Fact: Crickets are cannibalistic and will prey upon one another occasionally, even when there is an abundance of food available.. This is one of the reasons we rear the offspring independently from the breeding adults.
Gut Loading - Breeding Crickets

Gut loading is the process by which your insects are fed nutritious foods before being offered to your reptile. Gut loading is usually done with high nutrient foods for a period of 24-48 hours prior to being offered to your pet. This ensures that your reptile is being given the most nutritious crickets you can offer.

Fish flakes are a great gut loading agent as they are extremely high in nutrients.

Sexing Crickets - Breeding Crickets

Sexing crickets is very easy. Females have 3 extrusions that extend from the abdomen. One of the extrusions is called an ovipositor while the other 2 are referred to as cerci. Cerci (singular cercus) are sensory organs. Both males and females have 2 cerci. On males, the cerci tend to be more prominent.

The ovipositor is a reproductive organ located between the cerci on females. This organ does not appear on males and is very apparent. The image below shows the cerci on either side of the ovipositor. If the ovipositor is present, you have a female. If it is not, you have a male.

Breeding Crickets - Ovipositor

Fact: Females use the ovipositor to deposit eggs. They insert the ovipositor into the substrate, in the egg laying box, and the eggs then travel through the ovipositor into the substrate; where they will stay until they hatch.
Breeding The Crickets

Breeding will transpire so long as you have male crickets, female crickets, food, water, shelter, and proper temperatures. Without any intervention from you, and often right in front of you, the males will seek out and mount the females. Crickets are extremely prolific and breeding will begin almost immediately. They are so prolific, you may already have females who have bred in the transport container in which they arrived.

Incubating Eggs - Breeding Crickets

Egg incubation is very simple. Every 7 days you should replace the breeding crickets nesting box with a fresh one. The one being removed should be placed in the rearing container used for incubation, directly over or under the heat source. The cover to the tray should be placed back on top of the incubation tray, though not locked on. The idea is to keep the humidity up so that the medium doesn't dry out. If it were to dry out, you would lose all of the eggs that were deposited.

Pinhead crickets should become noticeable within 7-10 days. At this point you should move the incubation tray to one of the rearing containers, described in the next section.

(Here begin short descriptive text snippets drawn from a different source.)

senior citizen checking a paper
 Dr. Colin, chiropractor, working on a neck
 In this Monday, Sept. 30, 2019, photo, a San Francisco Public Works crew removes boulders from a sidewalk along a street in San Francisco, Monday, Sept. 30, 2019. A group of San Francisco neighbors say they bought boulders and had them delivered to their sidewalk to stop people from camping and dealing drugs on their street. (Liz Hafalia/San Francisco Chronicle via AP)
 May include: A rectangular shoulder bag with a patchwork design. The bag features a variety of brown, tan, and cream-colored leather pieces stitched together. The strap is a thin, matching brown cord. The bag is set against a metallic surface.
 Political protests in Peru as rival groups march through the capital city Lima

Tip: Leave the incubation try in with the newly hatched pinheads for 3 days after the eggs have hatched. This will allow the stragglers to hatch and then the tray can be used again during cycling. Also, you may want to use the duct tape to attach small ramps up the sides of the incubation trays to ensure the crickets can easily enter and exit it.
Continue to cycle through the trays until you have the amount of crickets that you require. You MUST remember to re-add crickets to the breeding containers once they are over 1/4 inch long. Failure to re-add crickets to the breeding container will result in your colony dieing off.